(1869 - 1947)
Frances Hodgkins was born in Dunedin on the South Island of New Zealand. She trained at the Dunedin School of Art, going on to work as an art tutor and producing paintings and illustrations for publications. In 1901 she left New Zealand for Europe, travelling through France and Morocco, before settling in London in 1913. Her work featured in several group shows including at the Royal Academy (1905) and with the Seven and Five Society (from 1929).
In the 1930s and 1940s, Hodgkins’ work was shown in exhibitions of modern British art, alongside artists such as John Piper, Henry Moore and Paul Nash. In 1940 she was one of a group of artists representing Britain at the Venice Biennale. Her double portrait, Loveday and Ann: Two Women with a Basket of Flowers (1915) was acquired by the Tate in 1944. She was part of an important group exhibition of work by Francis Bacon, Henry Moore, Matthew Smith and Graham Sutherland, held in 1945 at the Lefevre Gallery, London.

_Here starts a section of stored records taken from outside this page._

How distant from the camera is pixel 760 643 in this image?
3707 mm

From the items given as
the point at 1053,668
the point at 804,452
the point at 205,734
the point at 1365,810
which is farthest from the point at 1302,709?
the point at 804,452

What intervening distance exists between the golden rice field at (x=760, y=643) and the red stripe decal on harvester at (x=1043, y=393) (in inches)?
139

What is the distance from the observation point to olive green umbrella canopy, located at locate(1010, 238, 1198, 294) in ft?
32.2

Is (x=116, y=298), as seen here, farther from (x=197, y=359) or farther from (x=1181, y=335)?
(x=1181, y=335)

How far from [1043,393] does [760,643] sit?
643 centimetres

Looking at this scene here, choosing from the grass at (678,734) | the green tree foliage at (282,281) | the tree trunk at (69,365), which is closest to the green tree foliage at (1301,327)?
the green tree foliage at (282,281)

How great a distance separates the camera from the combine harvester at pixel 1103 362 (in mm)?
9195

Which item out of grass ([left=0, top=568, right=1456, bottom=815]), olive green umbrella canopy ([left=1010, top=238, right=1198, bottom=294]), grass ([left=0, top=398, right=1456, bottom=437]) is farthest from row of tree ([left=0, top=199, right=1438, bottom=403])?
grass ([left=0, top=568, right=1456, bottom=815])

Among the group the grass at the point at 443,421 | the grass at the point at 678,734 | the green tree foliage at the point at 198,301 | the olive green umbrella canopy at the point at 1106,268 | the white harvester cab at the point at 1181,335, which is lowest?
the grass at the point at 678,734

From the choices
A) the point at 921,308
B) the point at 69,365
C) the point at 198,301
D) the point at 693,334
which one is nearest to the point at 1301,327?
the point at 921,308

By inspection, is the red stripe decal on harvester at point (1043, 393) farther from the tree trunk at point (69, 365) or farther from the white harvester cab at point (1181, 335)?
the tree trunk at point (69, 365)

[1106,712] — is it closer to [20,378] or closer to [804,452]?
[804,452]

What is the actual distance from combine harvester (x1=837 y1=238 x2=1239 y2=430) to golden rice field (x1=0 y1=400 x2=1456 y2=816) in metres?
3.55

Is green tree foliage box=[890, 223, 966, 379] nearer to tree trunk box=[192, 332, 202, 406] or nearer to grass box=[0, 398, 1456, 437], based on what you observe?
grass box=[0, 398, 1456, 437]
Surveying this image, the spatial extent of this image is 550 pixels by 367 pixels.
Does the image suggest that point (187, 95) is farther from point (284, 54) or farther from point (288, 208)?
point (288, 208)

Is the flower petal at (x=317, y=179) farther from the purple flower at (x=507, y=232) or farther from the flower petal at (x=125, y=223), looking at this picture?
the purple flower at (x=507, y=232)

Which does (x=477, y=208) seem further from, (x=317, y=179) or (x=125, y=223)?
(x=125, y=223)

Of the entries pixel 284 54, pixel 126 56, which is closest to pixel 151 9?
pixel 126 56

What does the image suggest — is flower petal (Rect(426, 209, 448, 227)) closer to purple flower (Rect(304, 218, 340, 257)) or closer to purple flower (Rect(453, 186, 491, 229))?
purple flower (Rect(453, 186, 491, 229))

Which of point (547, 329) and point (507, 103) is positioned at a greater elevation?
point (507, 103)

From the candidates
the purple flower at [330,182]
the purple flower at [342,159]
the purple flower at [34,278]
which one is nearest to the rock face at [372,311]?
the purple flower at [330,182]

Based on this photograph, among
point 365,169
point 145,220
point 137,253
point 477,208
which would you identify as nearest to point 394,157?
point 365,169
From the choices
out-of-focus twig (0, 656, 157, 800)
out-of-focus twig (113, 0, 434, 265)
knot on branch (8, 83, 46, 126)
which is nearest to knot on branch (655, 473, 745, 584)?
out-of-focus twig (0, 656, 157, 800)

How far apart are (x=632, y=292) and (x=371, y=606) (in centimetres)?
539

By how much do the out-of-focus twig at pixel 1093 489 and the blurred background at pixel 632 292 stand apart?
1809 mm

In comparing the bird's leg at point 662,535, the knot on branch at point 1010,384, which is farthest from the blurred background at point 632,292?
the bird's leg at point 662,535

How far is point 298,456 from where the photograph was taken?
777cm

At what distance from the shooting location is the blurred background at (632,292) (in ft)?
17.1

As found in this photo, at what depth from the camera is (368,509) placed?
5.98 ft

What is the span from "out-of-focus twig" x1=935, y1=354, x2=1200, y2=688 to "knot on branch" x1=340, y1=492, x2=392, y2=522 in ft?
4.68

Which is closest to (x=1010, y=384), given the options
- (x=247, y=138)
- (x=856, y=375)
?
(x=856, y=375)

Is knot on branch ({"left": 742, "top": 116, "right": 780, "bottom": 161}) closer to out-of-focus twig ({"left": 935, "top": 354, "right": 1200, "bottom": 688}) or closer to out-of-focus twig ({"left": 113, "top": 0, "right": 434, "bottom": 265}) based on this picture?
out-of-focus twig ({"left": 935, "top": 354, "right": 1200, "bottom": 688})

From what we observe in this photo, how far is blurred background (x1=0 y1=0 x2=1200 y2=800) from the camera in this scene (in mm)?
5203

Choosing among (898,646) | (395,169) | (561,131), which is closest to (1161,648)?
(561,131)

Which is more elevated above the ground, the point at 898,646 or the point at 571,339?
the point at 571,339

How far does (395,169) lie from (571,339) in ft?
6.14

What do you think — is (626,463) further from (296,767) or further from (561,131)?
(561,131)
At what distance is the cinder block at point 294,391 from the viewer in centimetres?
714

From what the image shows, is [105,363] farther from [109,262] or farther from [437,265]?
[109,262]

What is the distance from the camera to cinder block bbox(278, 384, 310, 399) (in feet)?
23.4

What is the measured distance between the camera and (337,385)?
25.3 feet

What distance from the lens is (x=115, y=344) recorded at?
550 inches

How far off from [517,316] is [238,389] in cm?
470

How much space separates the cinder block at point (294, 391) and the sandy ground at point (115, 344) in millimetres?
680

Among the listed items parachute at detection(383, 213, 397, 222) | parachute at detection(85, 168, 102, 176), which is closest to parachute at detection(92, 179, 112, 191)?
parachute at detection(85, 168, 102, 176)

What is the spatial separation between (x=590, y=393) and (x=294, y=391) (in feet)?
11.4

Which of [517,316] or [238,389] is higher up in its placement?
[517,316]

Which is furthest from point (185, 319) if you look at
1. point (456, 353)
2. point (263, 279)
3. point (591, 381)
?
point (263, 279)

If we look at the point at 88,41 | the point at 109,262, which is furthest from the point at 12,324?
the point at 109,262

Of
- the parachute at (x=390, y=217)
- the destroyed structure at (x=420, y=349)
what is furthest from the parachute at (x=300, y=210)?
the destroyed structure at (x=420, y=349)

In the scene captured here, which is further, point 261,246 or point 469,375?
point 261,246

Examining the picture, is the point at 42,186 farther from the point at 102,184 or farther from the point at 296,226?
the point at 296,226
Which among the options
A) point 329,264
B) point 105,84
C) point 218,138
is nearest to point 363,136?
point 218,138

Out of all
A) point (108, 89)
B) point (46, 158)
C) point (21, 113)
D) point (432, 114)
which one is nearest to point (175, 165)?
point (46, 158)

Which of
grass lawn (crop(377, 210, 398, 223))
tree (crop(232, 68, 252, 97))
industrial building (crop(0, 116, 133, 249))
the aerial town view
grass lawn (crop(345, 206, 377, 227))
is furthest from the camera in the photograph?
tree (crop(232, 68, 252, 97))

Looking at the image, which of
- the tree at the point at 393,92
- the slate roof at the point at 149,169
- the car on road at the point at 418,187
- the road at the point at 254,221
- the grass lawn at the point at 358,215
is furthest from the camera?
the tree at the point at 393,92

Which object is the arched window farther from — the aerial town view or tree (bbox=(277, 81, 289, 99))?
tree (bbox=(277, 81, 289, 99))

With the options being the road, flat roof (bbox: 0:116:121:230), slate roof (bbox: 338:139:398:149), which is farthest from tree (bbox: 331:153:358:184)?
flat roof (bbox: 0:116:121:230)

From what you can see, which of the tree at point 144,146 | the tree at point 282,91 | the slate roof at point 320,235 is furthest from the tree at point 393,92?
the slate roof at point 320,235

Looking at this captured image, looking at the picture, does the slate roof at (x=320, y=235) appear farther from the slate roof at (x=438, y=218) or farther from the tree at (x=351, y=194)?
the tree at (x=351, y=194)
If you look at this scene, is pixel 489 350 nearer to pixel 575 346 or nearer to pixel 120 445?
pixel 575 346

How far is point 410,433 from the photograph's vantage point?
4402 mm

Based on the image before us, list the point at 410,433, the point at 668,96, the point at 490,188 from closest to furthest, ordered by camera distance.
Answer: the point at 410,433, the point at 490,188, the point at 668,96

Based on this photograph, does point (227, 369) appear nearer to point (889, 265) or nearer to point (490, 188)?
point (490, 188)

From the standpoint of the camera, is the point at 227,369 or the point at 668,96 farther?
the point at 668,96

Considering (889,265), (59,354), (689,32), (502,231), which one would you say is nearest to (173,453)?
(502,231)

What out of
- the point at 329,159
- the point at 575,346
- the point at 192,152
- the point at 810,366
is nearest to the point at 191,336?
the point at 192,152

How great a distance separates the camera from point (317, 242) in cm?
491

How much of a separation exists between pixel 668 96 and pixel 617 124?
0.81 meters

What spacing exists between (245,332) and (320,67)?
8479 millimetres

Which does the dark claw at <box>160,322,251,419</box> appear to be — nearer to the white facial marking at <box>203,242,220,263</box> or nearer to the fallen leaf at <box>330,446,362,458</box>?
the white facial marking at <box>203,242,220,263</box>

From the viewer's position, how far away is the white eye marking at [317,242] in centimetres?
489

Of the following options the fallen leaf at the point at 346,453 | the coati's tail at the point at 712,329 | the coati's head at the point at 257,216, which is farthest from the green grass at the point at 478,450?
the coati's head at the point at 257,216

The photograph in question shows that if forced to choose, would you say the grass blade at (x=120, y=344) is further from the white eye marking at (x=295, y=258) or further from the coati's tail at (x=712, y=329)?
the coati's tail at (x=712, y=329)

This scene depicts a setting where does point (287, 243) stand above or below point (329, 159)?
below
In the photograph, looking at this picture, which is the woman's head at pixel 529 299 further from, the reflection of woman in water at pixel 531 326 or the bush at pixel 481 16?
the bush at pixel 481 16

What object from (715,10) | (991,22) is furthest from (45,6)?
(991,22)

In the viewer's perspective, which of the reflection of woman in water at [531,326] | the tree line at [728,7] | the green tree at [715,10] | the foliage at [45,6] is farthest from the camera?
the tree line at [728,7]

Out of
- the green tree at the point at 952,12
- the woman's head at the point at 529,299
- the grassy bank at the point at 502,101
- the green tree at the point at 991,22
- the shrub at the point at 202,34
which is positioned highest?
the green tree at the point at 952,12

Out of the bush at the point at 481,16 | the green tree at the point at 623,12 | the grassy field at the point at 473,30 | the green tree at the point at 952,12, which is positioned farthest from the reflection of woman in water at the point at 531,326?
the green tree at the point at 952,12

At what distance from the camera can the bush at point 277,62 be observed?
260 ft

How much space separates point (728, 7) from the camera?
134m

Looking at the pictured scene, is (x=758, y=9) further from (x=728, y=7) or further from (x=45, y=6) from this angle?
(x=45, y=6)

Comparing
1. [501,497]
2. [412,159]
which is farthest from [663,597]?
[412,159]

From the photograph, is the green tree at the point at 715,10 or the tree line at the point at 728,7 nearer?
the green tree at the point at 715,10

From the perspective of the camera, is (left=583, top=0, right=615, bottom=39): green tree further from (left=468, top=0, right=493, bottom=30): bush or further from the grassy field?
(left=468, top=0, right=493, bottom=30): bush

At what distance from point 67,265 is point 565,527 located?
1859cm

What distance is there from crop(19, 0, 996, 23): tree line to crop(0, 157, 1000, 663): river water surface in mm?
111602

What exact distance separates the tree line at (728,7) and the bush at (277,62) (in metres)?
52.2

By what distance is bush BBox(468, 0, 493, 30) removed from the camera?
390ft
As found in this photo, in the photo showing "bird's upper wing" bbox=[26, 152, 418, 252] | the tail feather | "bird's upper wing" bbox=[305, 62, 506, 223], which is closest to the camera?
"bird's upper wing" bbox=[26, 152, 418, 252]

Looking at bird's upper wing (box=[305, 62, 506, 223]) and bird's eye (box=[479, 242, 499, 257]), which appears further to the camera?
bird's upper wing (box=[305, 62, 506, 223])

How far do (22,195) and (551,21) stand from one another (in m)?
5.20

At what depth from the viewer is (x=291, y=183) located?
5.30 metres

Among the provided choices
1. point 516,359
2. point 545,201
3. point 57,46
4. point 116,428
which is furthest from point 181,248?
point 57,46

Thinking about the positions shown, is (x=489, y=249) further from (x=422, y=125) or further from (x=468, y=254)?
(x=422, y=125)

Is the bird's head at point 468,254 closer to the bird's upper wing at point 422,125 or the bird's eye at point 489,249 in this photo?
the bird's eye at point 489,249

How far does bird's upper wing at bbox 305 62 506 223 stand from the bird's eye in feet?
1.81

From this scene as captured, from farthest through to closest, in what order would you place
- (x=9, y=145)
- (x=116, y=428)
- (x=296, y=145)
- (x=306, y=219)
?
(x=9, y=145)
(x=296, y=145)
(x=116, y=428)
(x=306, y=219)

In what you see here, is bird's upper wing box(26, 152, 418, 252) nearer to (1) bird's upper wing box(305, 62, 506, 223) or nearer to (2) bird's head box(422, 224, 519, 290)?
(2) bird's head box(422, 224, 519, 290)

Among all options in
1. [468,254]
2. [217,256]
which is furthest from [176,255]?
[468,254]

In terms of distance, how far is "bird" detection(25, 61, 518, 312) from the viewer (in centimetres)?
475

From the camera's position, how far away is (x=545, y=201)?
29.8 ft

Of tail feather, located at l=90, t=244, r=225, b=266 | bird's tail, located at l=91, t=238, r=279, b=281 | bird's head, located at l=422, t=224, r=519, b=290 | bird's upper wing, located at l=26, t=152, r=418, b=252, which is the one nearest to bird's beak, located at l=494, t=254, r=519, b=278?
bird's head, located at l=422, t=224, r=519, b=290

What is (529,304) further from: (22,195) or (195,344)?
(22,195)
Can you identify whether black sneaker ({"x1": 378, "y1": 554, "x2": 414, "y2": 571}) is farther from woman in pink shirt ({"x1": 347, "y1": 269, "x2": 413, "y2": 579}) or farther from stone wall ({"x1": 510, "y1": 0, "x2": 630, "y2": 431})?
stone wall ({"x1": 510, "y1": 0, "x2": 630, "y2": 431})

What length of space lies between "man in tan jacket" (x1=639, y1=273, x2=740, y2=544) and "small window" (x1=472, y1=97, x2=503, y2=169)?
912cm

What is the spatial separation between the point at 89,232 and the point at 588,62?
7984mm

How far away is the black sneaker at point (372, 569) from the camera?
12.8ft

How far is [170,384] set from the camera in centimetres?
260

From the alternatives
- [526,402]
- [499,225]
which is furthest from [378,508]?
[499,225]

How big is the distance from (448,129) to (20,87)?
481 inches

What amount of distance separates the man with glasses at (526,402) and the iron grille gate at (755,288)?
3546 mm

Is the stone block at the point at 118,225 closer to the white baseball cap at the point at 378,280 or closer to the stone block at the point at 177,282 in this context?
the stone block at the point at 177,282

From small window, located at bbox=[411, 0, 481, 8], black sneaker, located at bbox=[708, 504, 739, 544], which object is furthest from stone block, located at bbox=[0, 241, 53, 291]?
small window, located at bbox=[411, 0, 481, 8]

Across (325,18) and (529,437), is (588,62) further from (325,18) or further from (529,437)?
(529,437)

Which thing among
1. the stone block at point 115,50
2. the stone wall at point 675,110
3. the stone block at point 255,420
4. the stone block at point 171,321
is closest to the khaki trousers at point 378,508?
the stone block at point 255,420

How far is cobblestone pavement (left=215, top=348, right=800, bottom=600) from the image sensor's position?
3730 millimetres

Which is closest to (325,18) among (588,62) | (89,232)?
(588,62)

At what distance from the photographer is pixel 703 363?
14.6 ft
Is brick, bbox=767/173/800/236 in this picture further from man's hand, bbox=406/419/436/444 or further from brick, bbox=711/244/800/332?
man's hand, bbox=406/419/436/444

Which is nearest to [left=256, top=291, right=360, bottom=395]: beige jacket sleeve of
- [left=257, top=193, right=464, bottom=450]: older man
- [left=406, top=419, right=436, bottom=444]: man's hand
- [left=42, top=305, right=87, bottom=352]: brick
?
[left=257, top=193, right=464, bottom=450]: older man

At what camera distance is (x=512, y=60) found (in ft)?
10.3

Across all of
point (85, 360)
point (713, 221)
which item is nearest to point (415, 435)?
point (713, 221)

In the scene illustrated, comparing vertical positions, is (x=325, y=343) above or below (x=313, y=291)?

Despite the artistic milieu that she was part of, and her expertise at absorbing and adapting the colour, energy and techniques of artists such as Matisse and Braque, Hodgkins’ artistic reputation was overlooked in mid-century accounts of modern British art, as was the case with many other women artists of that time. By 1969, however, her artistic reputation began to revive with a centenary exhibition that toured New Zealand, Australia and London. Several monographs of her work were published in the 1990s, which introduced her work to new audiences.